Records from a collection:
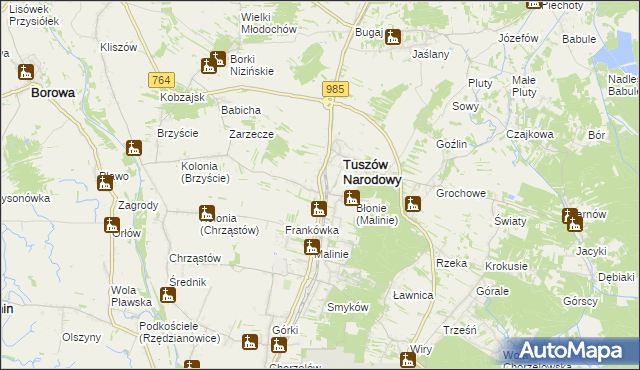 mapa Tuszów Mały, Tuszów Mały na mapie Targeo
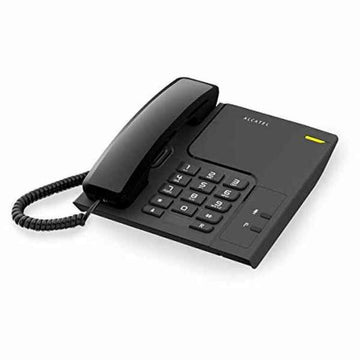 Landline Telephone Alcatel T26 CE LED Black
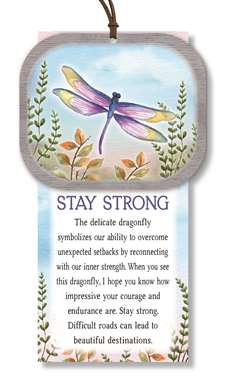 STAY STRONG - DRAGONFLY NATURALLY INSPIRED W/ CARD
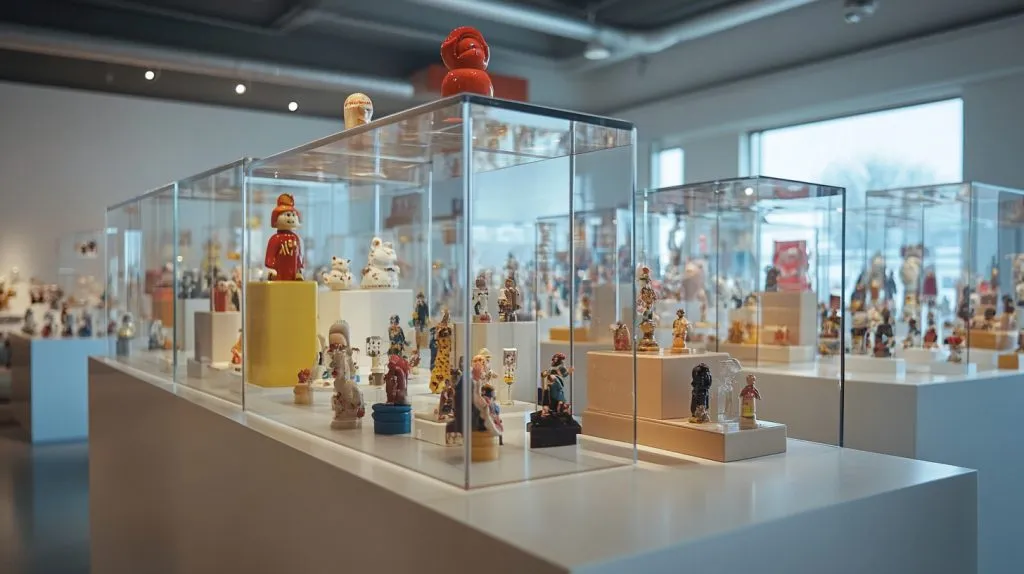 Rotating display box with collectible figurines-9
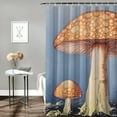 thumbnail image 2 of PRATYUS Mushroom Quick-Drying Shower Curtain Set with Hooks, 100% Polyester Fiber, Washable, Various Sizes 69x72, 2 of 7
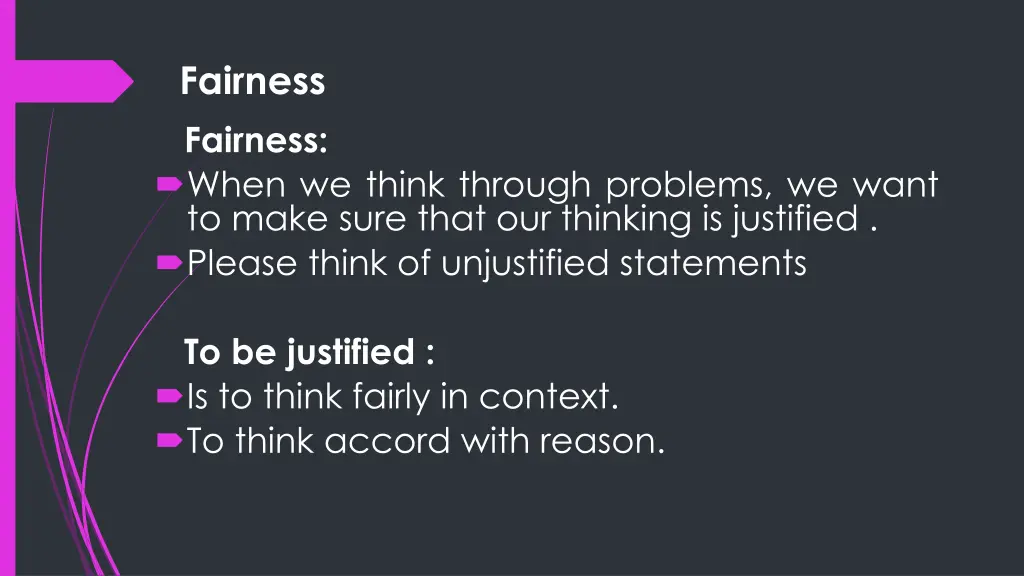 fairness fairness when we think through problems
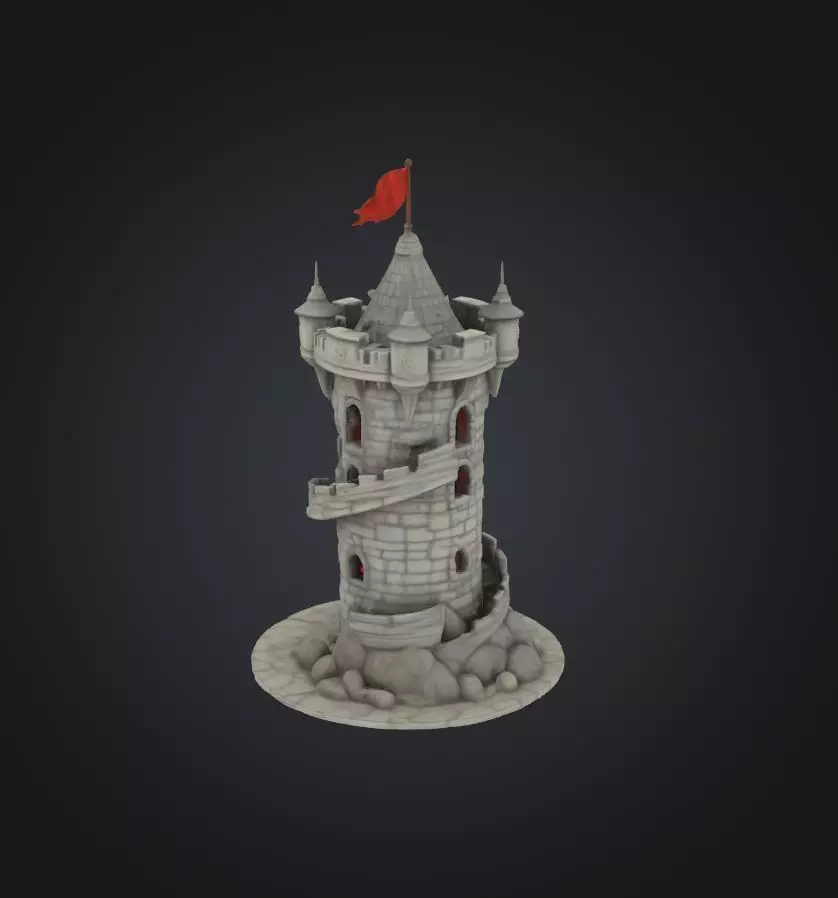 Medieval Castle DND Dice Tower - Epic Dice Tower 3D print model_0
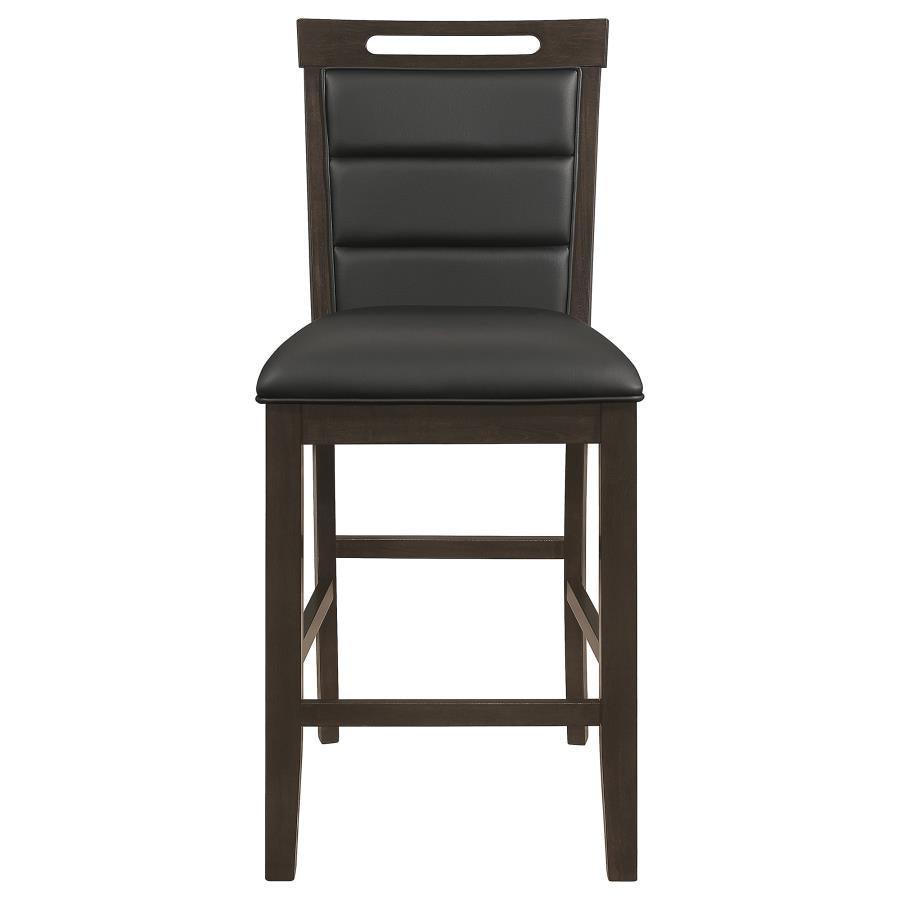 5 PC Set 193108-S5 Coaster Prentiss Extendable Rectangular Counter Height Table with Butterfly Leaf Cappuccino FredCo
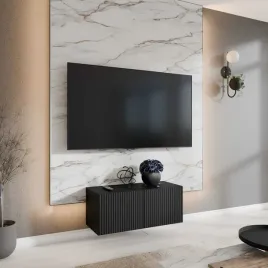 szafka-rtv-wiszaca-noe-szerokosc-100-cm-czarna-ryflowany-front-dwudrzwiowa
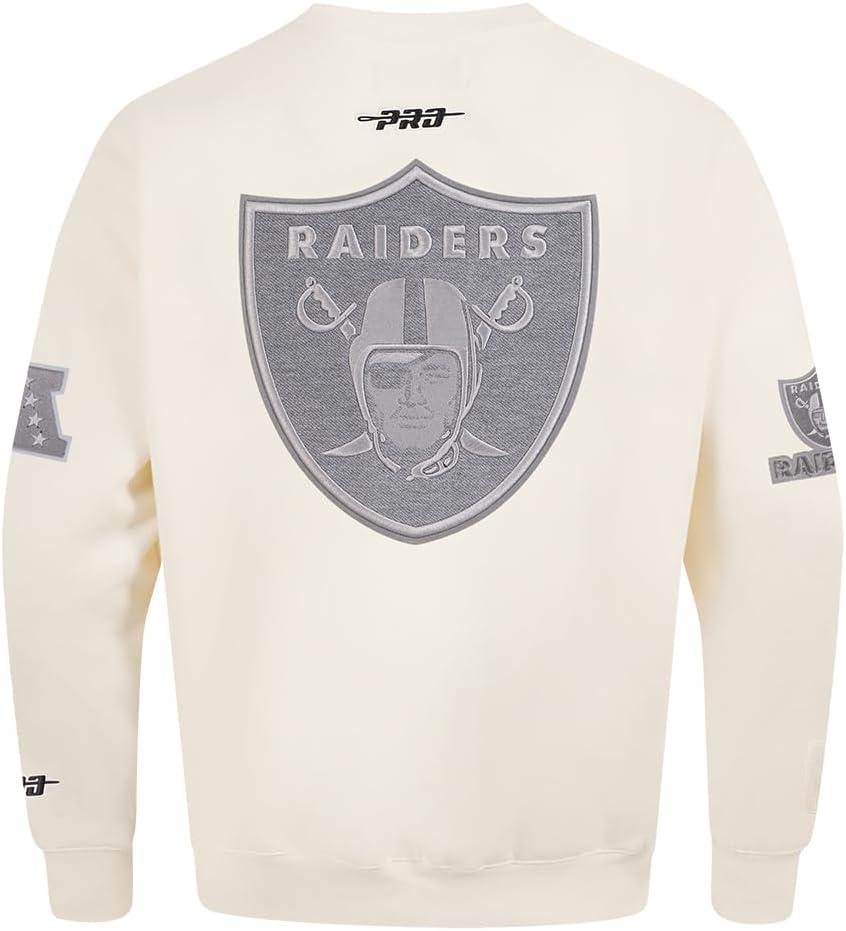 image:imagePro Standard Mens NFL Reverse French Terry Brushed Back French Terry Crewneck SweatshirtOffwhite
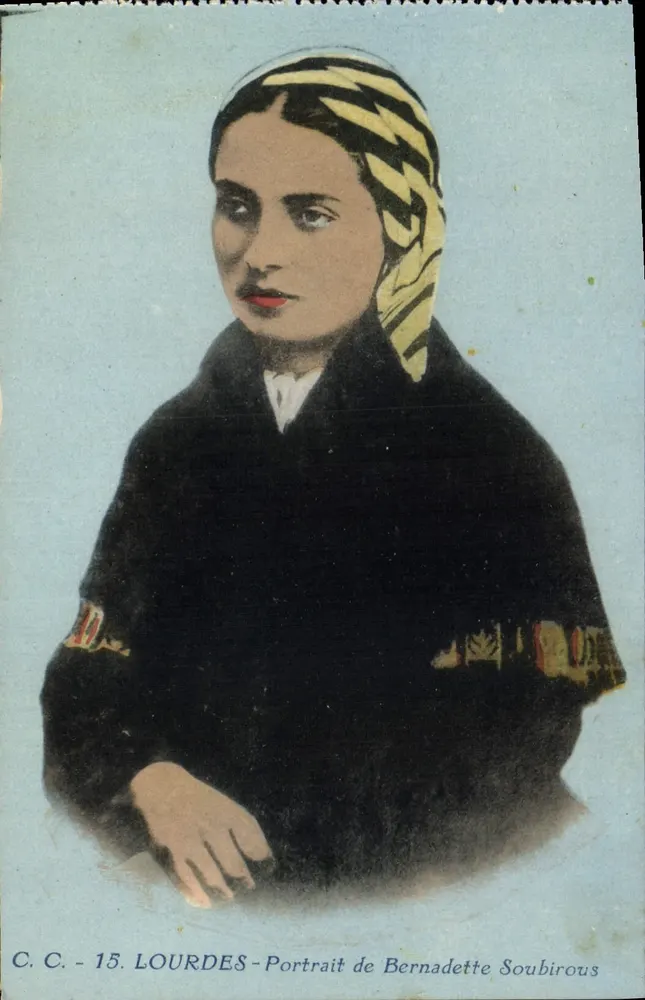 Lourdes — Retrato de Bernadette Soubirous — C.C. - 15 - Frente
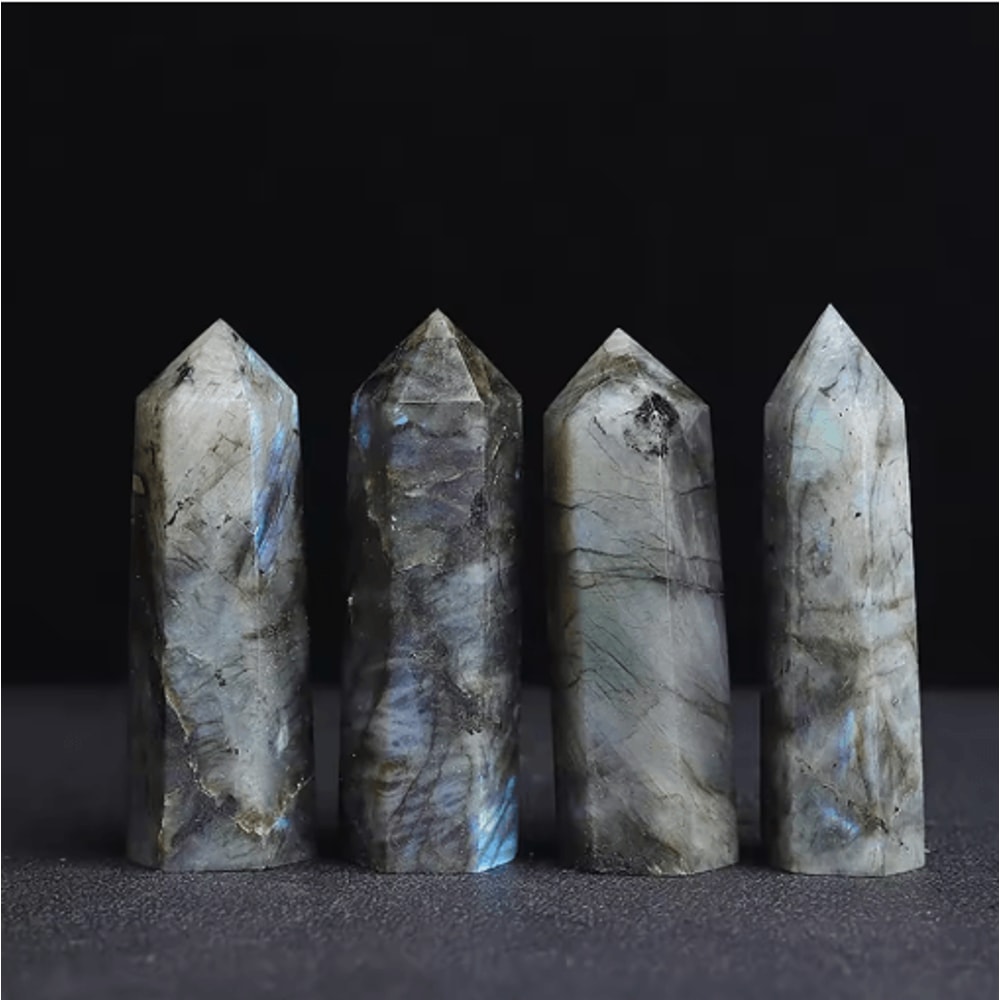 Rose Quartz Amethyst Crystal Healing Wand Natural Reiki Energy Decor 7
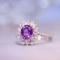 14k Gold 2.08 Ctw Natural Sapphire & Diamond Ring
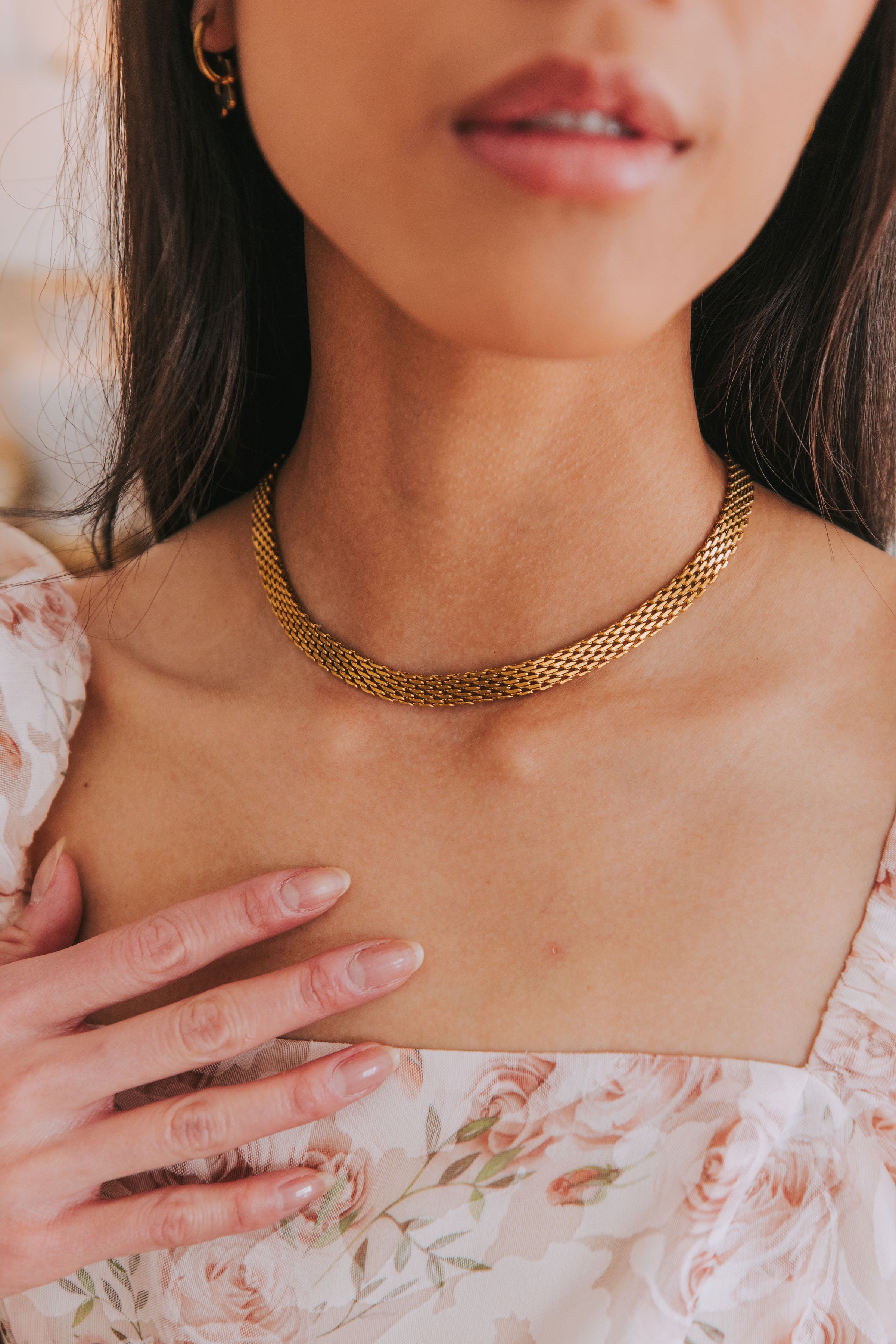 Shimmer Strand Necklace - 18K Gold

WHAT YOU NEED TO DO:
Every record above must be given again exactly; drop the pictures.

ANSWER TO THE PROBLEM:
 mapa Tuszów Mały, Tuszów Mały na mapie Targeo
 Landline Telephone Alcatel T26 CE LED Black
 STAY STRONG - DRAGONFLY NATURALLY INSPIRED W/ CARD
 Rotating display box with collectible figurines-9
 thumbnail image 2 of PRATYUS Mushroom Quick-Drying Shower Curtain Set with Hooks, 100% Polyester Fiber, Washable, Various Sizes 69x72, 2 of 7
 fairness fairness when we think through problems
 Medieval Castle DND Dice Tower - Epic Dice Tower 3D print model_0
 5 PC Set 193108-S5 Coaster Prentiss Extendable Rectangular Counter Height Table with Butterfly Leaf Cappuccino FredCo
 szafka-rtv-wiszaca-noe-szerokosc-100-cm-czarna-ryflowany-front-dwudrzwiowa
 image:imagePro Standard Mens NFL Reverse French Terry Brushed Back French Terry Crewneck SweatshirtOffwhite
 Lourdes — Retrato de Bernadette Soubirous — C.C. - 15 - Frente
 Rose Quartz Amethyst Crystal Healing Wand Natural Reiki Energy Decor 7
 14k Gold 2.08 Ctw Natural Sapphire & Diamond Ring
 Shimmer Strand Necklace - 18K Gold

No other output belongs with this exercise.